*** Opening of Data records ***

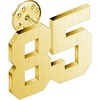 85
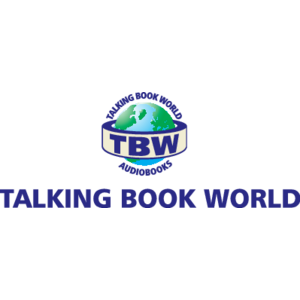 TBW(129) Logo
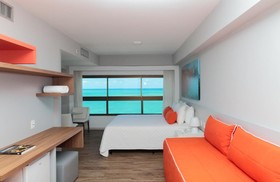 Ponta Verde Maceio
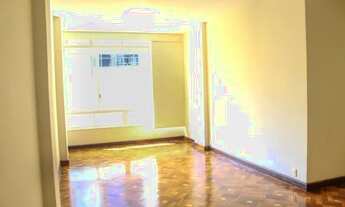 Imagem 3: Amplo Apartamento na Quadra da Praia do Flamengo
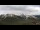 Webcam in Baqueira, 4.7 mi away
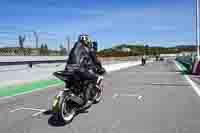 motorbikes;no-limits;peter-wileman-photography;portimao;portugal;trackday-digital-images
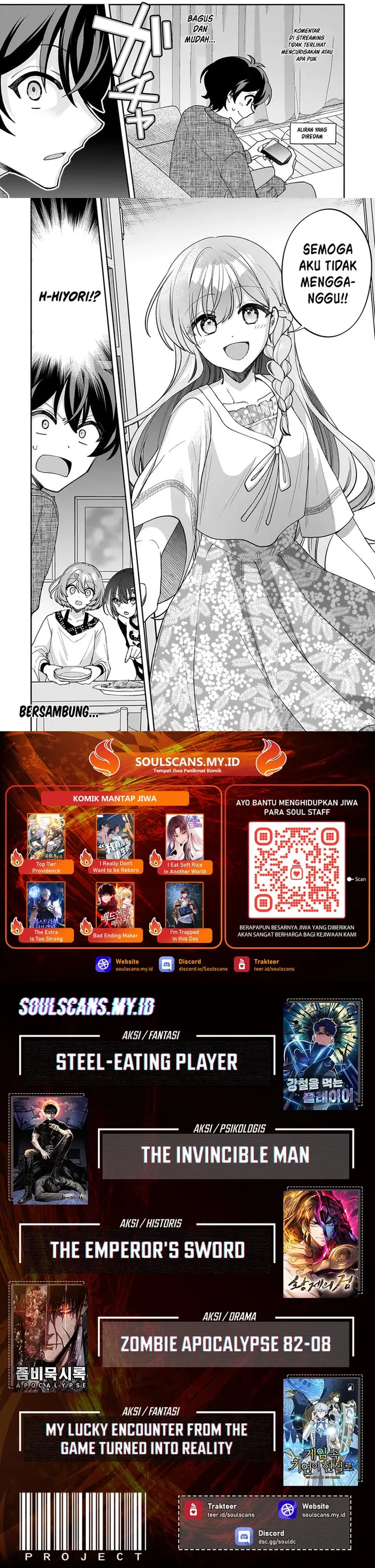 image-komik-net-no-oshi-to-real-no-oshi-ga-tonari-ni-hikkoshite-kita-chapter-12-4/5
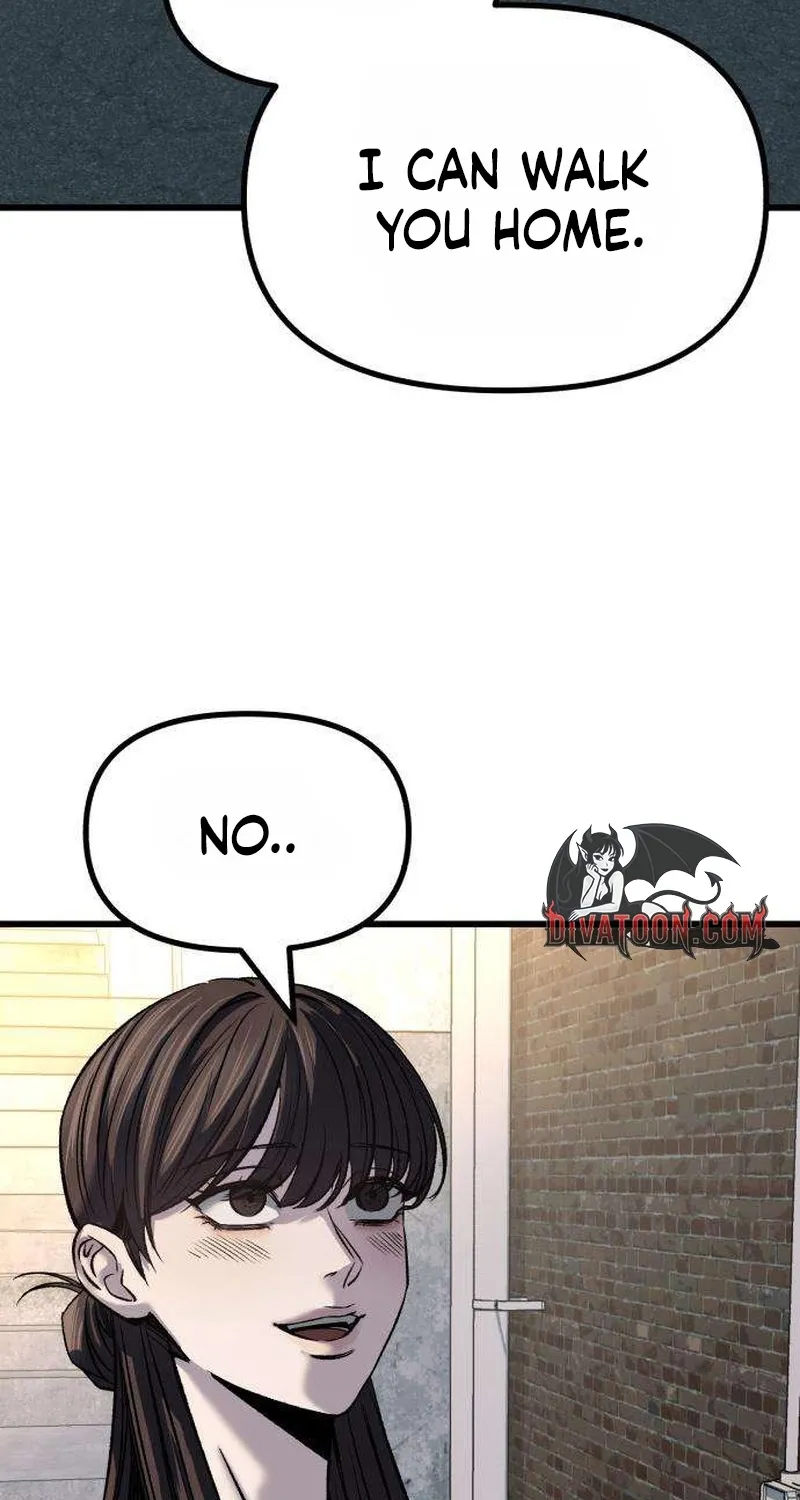 Housekeeping Chapter 8 page 24 - 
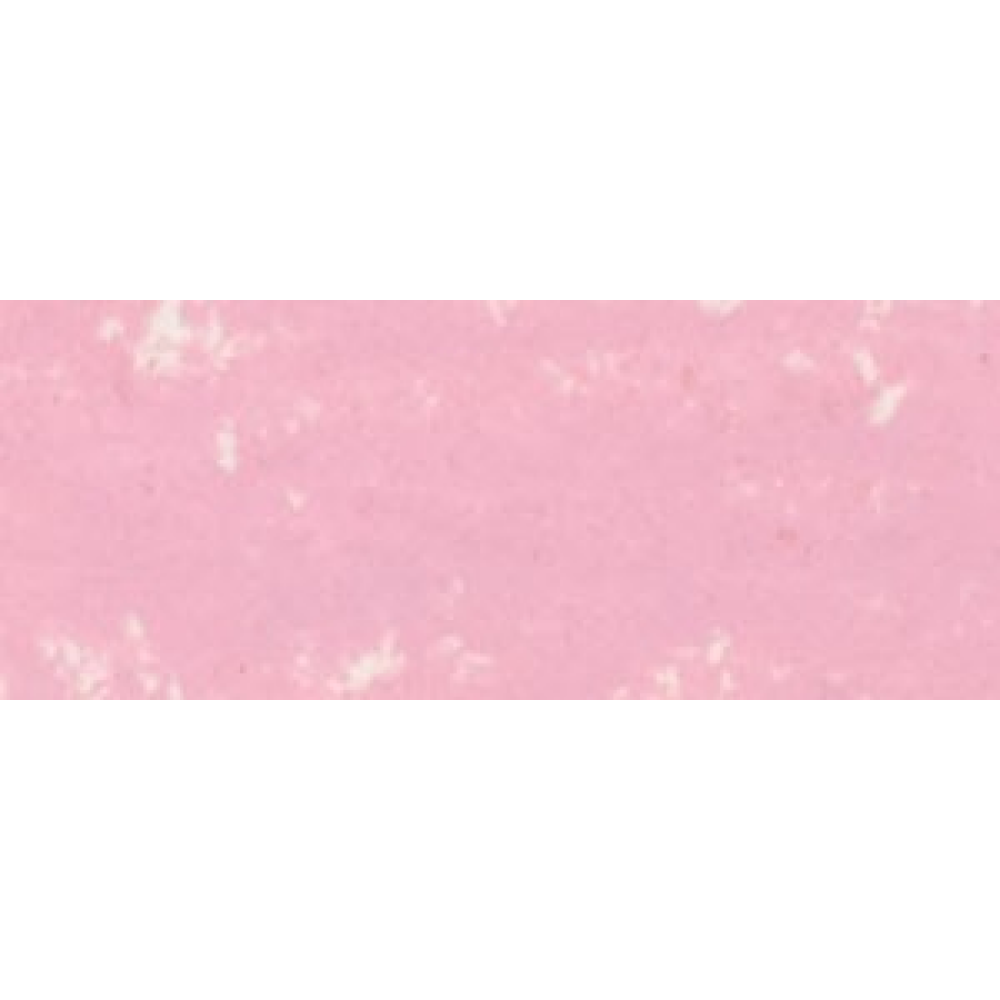 Пастель сухая "Renesans", 47 маджента светлая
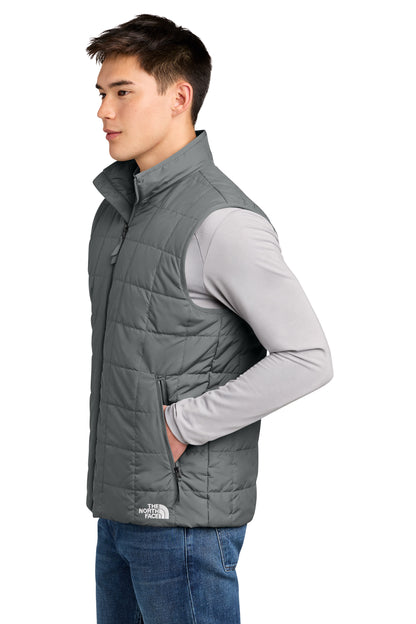 The North Face® - Iron Drift Quilted Vest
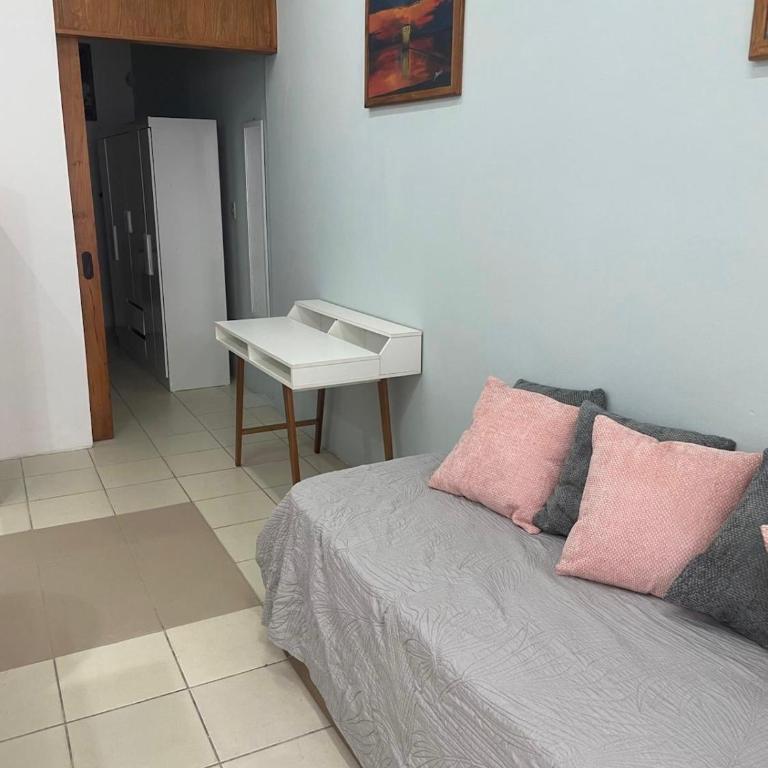 Luminoso Apartamento en el Centro de Paysandú - Apartamento de 1 dormitorio - 15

*** Close of Data records ***

▶ **To do**: Pictures stay out; reproduce exactly the lines from the one containing "Webcam in Baqueira, 4.7 mi away" through the last line of the listing, both included.

▶ **Response to this exercise**:
 Webcam in Baqueira, 4.7 mi away
 motorbikes;no-limits;peter-wileman-photography;portimao;portugal;trackday-digital-images
 image-komik-net-no-oshi-to-real-no-oshi-ga-tonari-ni-hikkoshite-kita-chapter-12-4/5
 Housekeeping Chapter 8 page 24 - 
 Пастель сухая "Renesans", 47 маджента светлая
 The North Face® - Iron Drift Quilted Vest
 Luminoso Apartamento en el Centro de Paysandú - Apartamento de 1 dormitorio - 15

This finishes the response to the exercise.